Claims cables show Australia complicit in E Timor starvation

Matt Peacock reported this story on Wednesday, March 21, 2012 18:18:00
MARK COLVIN: Australia's Attorney-General has blocked the release of cables about East Timor, despite the fact that they're up to 37 years old.

Nicola Roxon decided to keep the documents secret on the grounds that opening them up would prejudice Australia's security.

Associate Professor Clinton Fernandes of the University of New South Wales requested the documents. He's a former army intelligence officer who had one of the highest security clearances.

Professor Fernandes believes the documents are being kept secret because they would reveal Australian complicity in concealing the mass starvation of 100,000 East Timorese.

He told Matt Peacock the Foreign Affairs Department was even demanding secrecy for its reasons for hushing up the documents.

CLINTON FERNANDES: The Attorney-General has gone to water at the first whiff of grapeshot. She should have exhibited a bit more scepticism about claims on intelligence and national security. She hasn't done that.

I'm now in a position where I don't know what the Government's case is, and yet I'm required to answer it.

MATT PEACOCK: And in fact these documents are being kept secret but so too is the reason why they're being kept secret.

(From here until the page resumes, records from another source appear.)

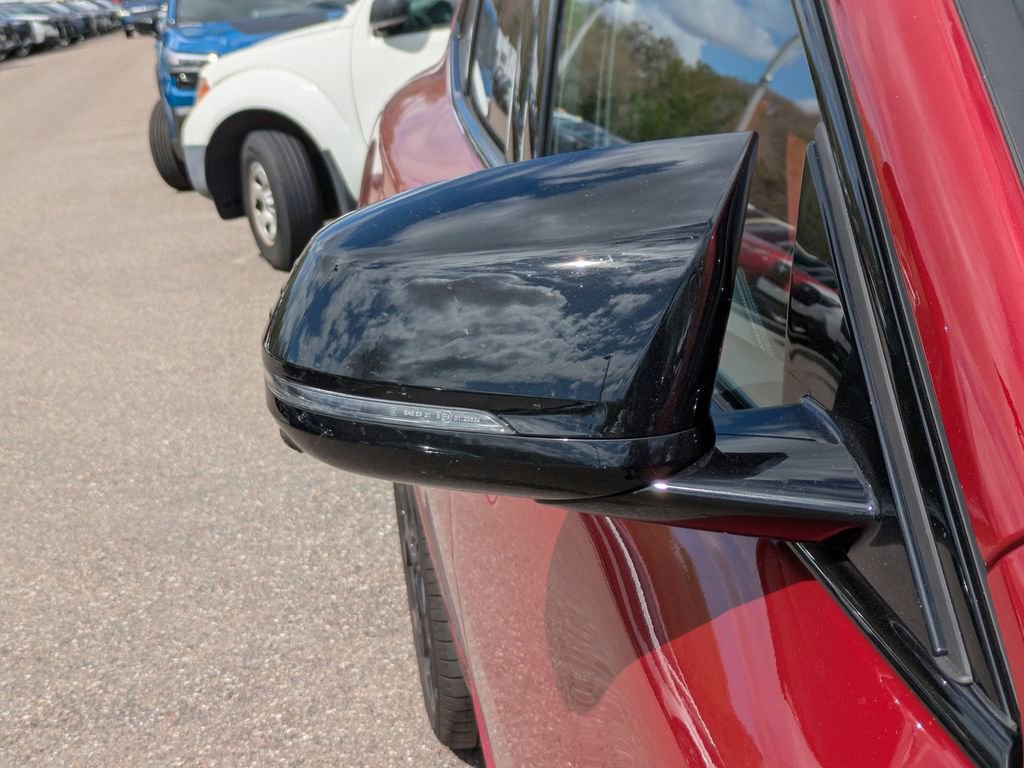 Used 2025 BMW X2 M35i w/ Premium Package image 10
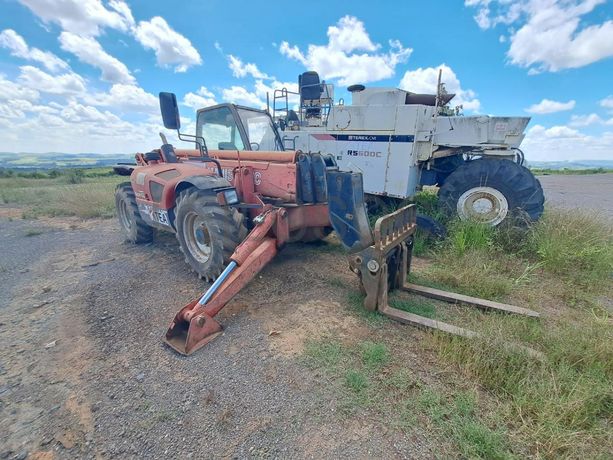 Empilhador Telescópico Manitou MT1740 · Samba Caju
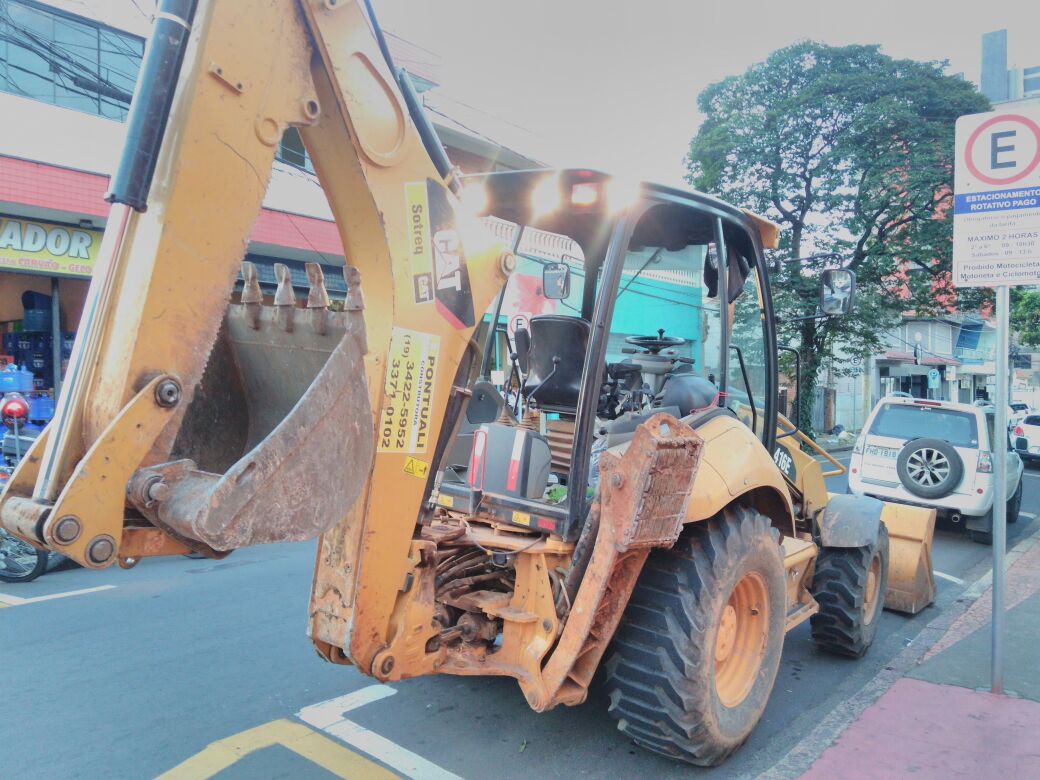 Motocicleta bate em trator em Piracicaba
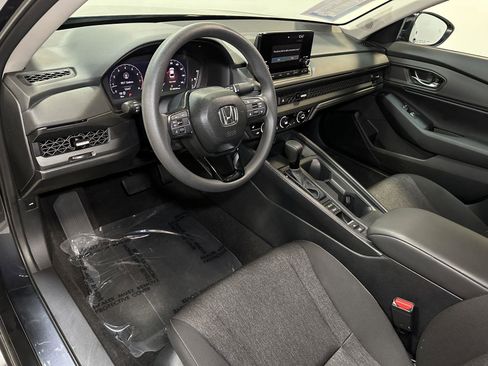 Certified 2025 Honda Accord SE image 24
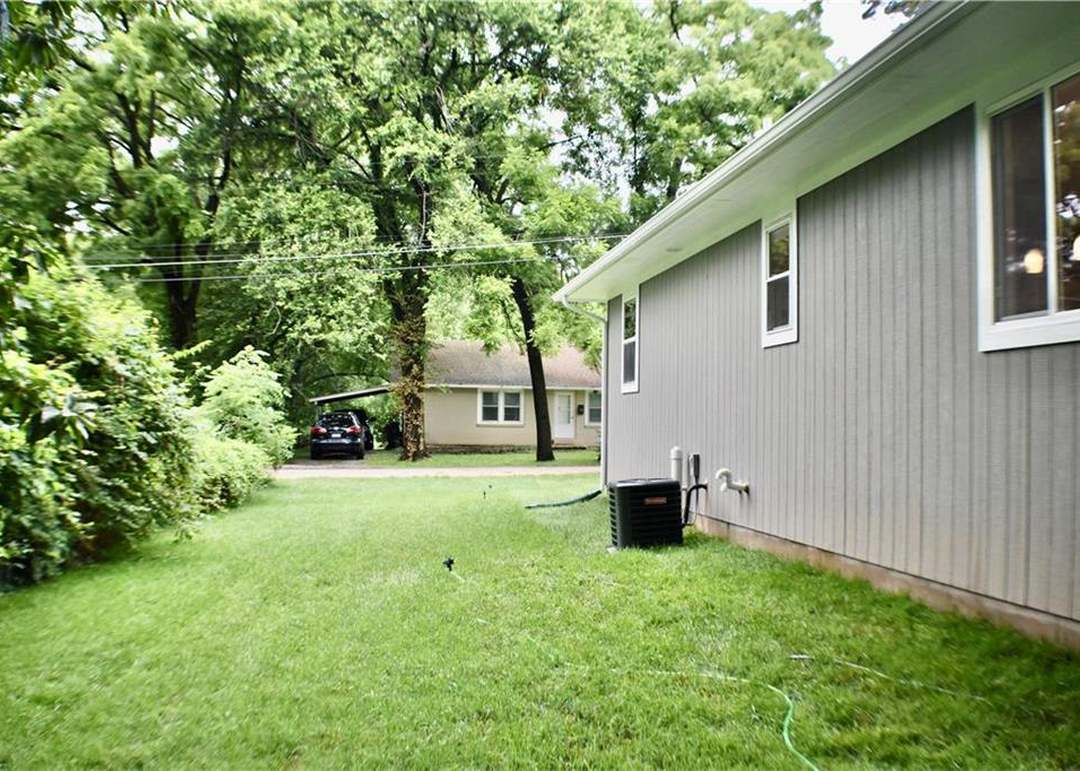 9401 Walnut Street — photo 23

CLINTON FERNANDES: Yeah, the Attorney-General Nicola Roxon has signed a certificate withholding even the reasons why they want the material kept secret. I wrote to her warning her against the possibility of being dazzled by claims as to sensitivity risk and security. I guess she just accepted whatever advice she was given.

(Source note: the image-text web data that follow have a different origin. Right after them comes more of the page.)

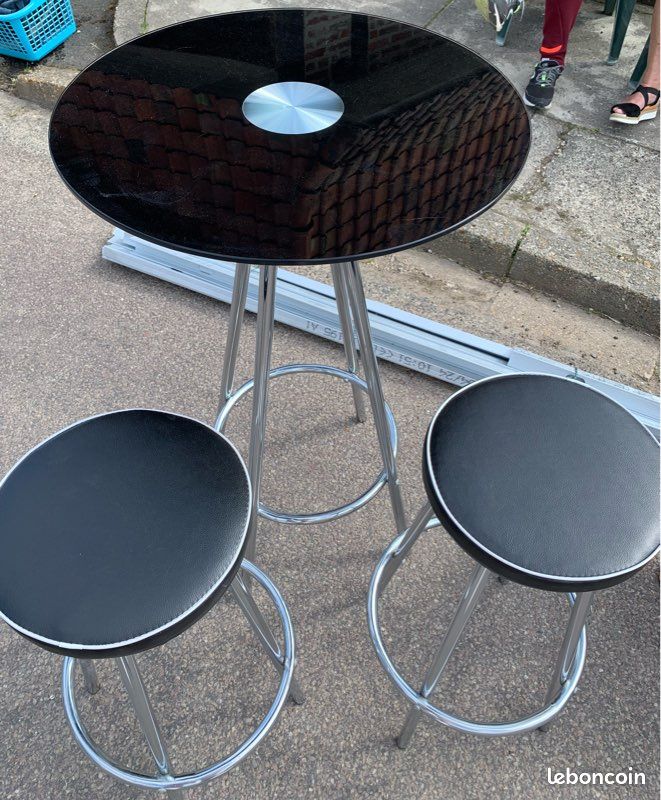 Table haute + 2 tabourets (image 1)
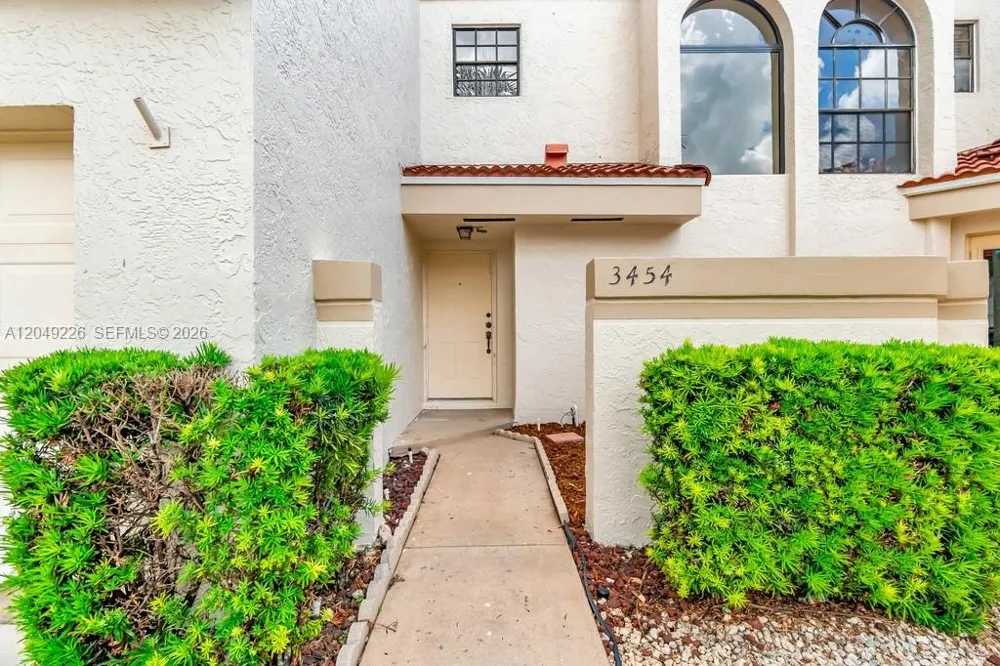 3454 Laurel Oaks Ln Hollywood, FL 33021
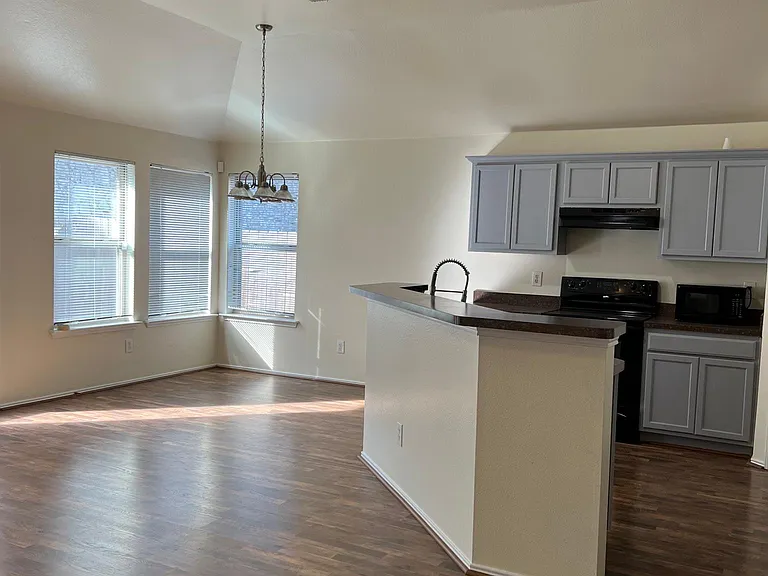 8241 Clarkview Dr — Photo 6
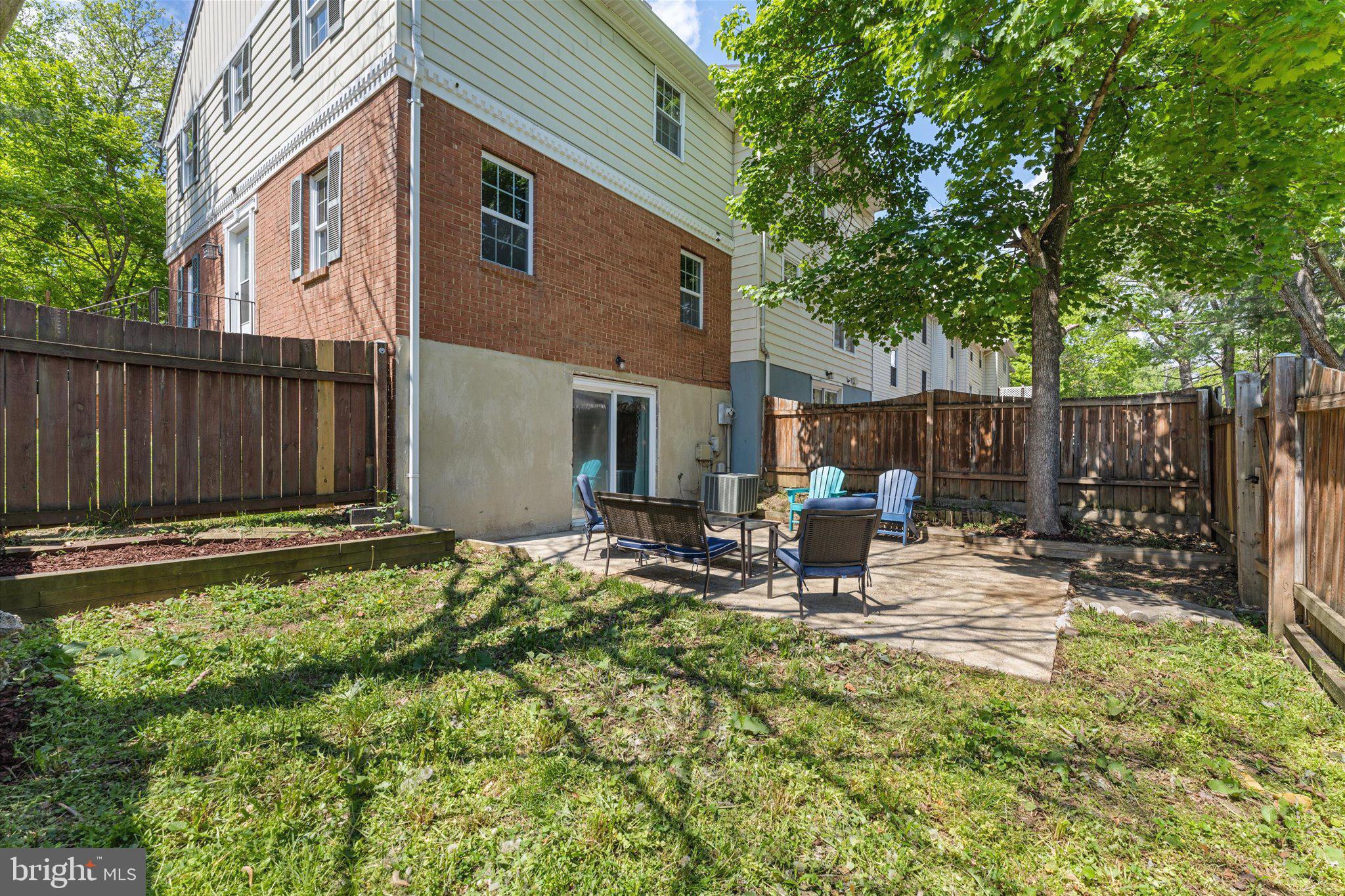 HERITAGE SQUARE - Residential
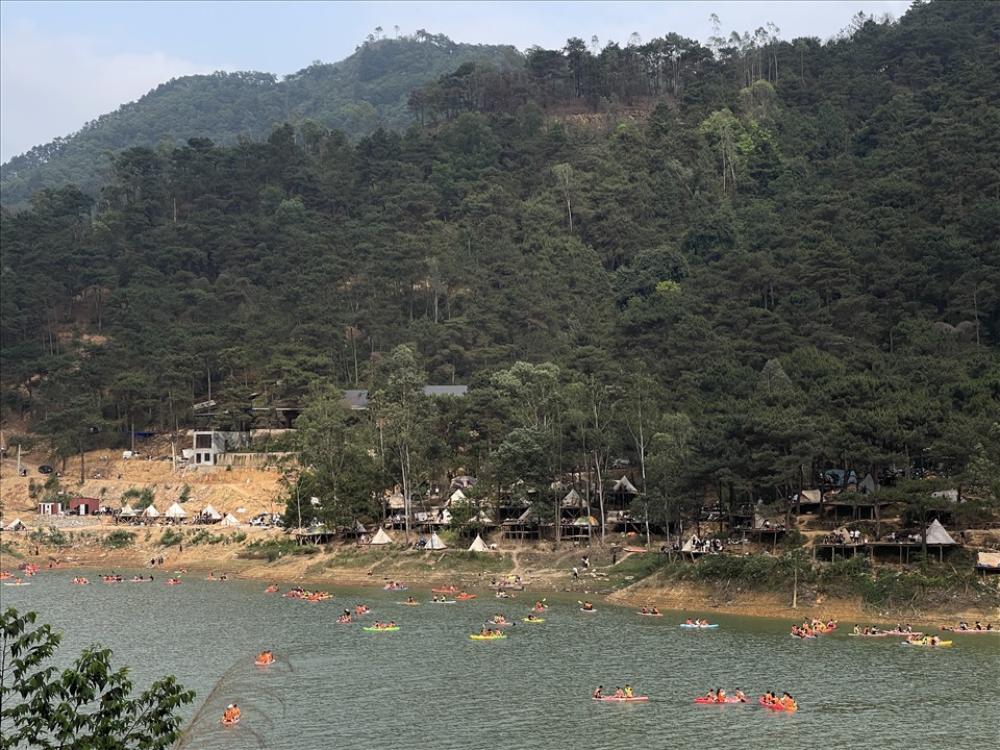 khu vực hồ Đồng Đò (Sóc Sơn). Ảnh: Khánh An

MATT PEACOCK: What are these documents? Do you have any idea what they are?

CLINTON FERNANDES: Yes. So the documents relate to cables written by the Australian embassy in Jakarta back to Department of Foreign Affairs headquarters in Canberra in the late 1970s. And the documents also relate to profiles of Indonesian leaders in the early 1970s.

The big problem with keeping them classified is that Indonesia has democratised; everything has changed. Suharto is not only out of office, he's actually dead. Nobody from that era is likely to be offended to the point where we couldn't do international relations and diplomacy with them.

MATT PEACOCK: So why do you think the Government and particularly the Department of Foreign Affairs is resisting so fiercely?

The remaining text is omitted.